Michigan firm drops suit that threatened to derail pot shop licensing process again

The dispensary licensing rollout has long been stymied by delays, litigation and protests from minority applicants who criticized the grading process and railed against the clouted and well-financed firms that have qualified to win permits.

SHARE Michigan firm drops suit that threatened to derail pot shop licensing process again
Marijuana plants at a home in Honolulu in 2016. (AP Photo/Marina Riker, File)

A subsidiary of a Michigan-based pot firm dropped a lawsuit Tuesday that sought to delay a series of lotteries for cannabis dispensary licenses.

AP file photo/Marina Riker

Just two days before state officials are slated to unleash a new batch of lucrative pot shop permits, a Michigan-based cannabis firm dropped a federal lawsuit Tuesday that threatened to derail the long-delayed licensing process amid pressure from a coalition of minority applicants.

Sozo Health filed the suit July 16 against Gov. J.B. Pritzker and the acting director of the state agency that oversees dispensaries, claiming the state’s licensing rules are unfair while attempting to delay three upcoming lotteries to issue 185 dispensary permits.

The move came just a day after Pritzker enacted a law that created many of the new licenses in a bid to get the problematic process back on track. That same day, his administration also scheduled the lottery drawings, the first of which is set for Thursday.

For over a year, the licensing rollout has been stymied by delays, litigation and protests from applicants who criticized the grading process and railed against the clouted and well-financed firms that have already qualified to win permits prioritized to social equity candidates, a designation created to bolster minority participation in the lily-white weed industry.

Some minority applicants have now banded together to lobby for their mutual interests and have grown into a powerful force in the cannabis world, commanding an outsized influence over the new pot law that was signed by Pritzker. But after the latest lawsuit was filed, their attention turned to Sozo and its founder Aaron Rasty, a white man who previously helped launch a Chicago-based alternative energy supplier that was later bought out.

On Tuesday morning, a group of applicants and advocates urged Sozo to drop the lawsuit during a news conference outside the Dirksen Federal Courthouse, where a hearing in the lawsuit had been scheduled later in the day.

“We find that Sozo’s lawsuit is hurtful to social equity and racial equity and acting in complete disregard to the entrepreneurs and regular Illinoisans who have been a part of this conversation for years,” said applicant Edie Moore, also the executive director of the Chicago chapter of National Organization for the Reform of Marijuana Laws.

Sozo’s short-lived suit targeted a provision that awards extra application points to Illinois residents, saying it’s discriminatory and runs afoul of state and federal laws. It also held that Sozo is effectively being locked out of one of the lotteries based on updated qualifications for earning social equity status.
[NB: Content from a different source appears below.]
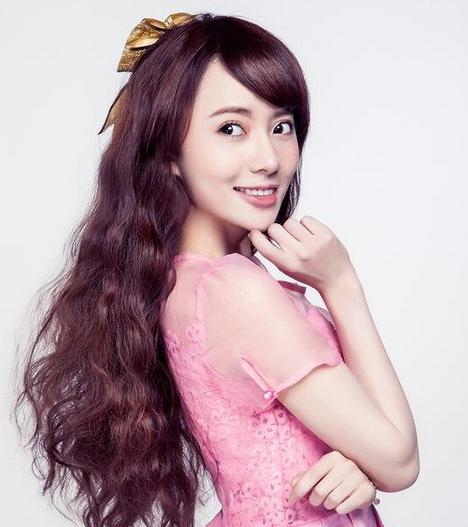 中长发烫发发型图片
Sozo notably earned social equity status by hiring a workforce largely made up of individuals who either lived in area disproportionately impacted by the drug war or who have a past cannabis-related criminal offense. Lambasted by members of the social equity coalition as the “slave master clause,” the hiring provision was stripped out for one of the lotteries added in the new pot law, meaning Sozo can’t qualify.
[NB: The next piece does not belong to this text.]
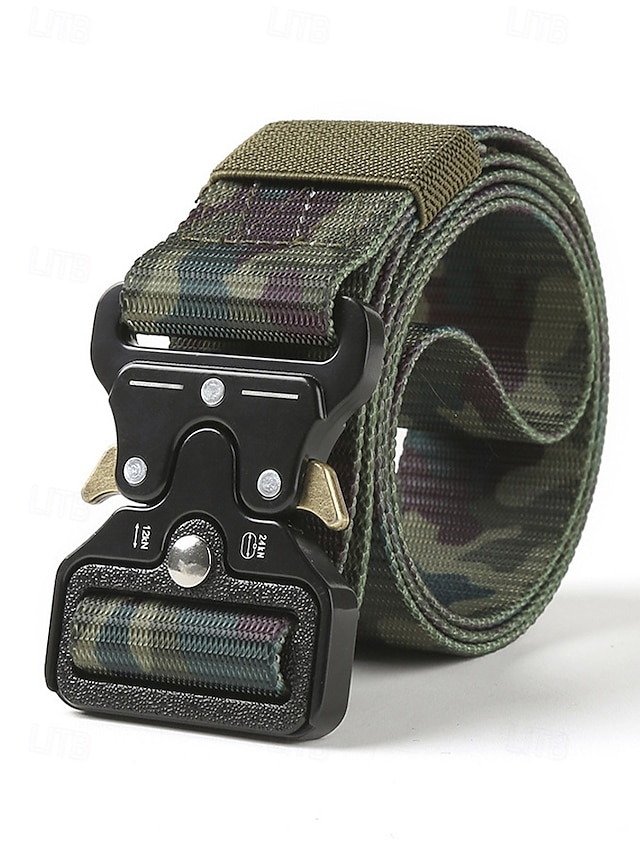  robuster taktischer Gürtel im Camouflage-Muster mit Metallschnalle – stilvoll und praktisch für Outdoor-Fans, die gerne wandern, campen und militärische Aktivitäten mögen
Rickey Hendon, a former state senator and current applicant for dispensary licenses, questioned the company’s diversity hiring efforts while ripping its lawsuit.
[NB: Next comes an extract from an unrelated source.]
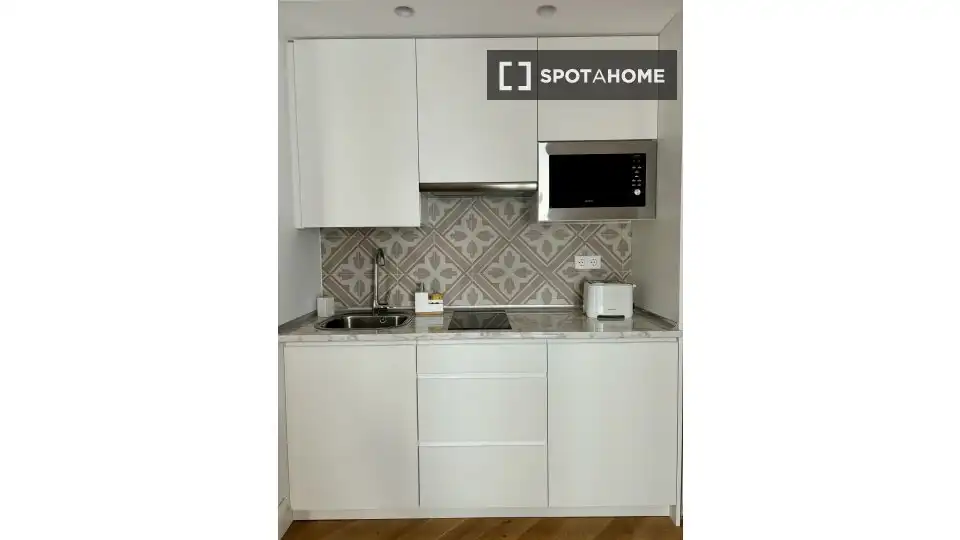 Room in Ríos Rosas - Nuevos Ministerios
“Don’t come from another state and think you’re gonna gangster us, trick up and pimp these groups, which is the worst part,” Hendon told reporters.

Though state lawyers filed a motion Monday undercutting some of Sozo’s key claims, the company’s decision to drop the suit was apparently prompted by the backlash from other applicants. Spokespeople for Pritzker and the Illinois Department of Financial and Professional Regulation declined to comment.

In a statement, Sozo expressed its commitment to social equity but criticized the new law, which it said creates “a deeply flawed and unconstitutional process for distributing cannabis dispensary licenses in which rules of qualifying applicants were changed after applications were scored.”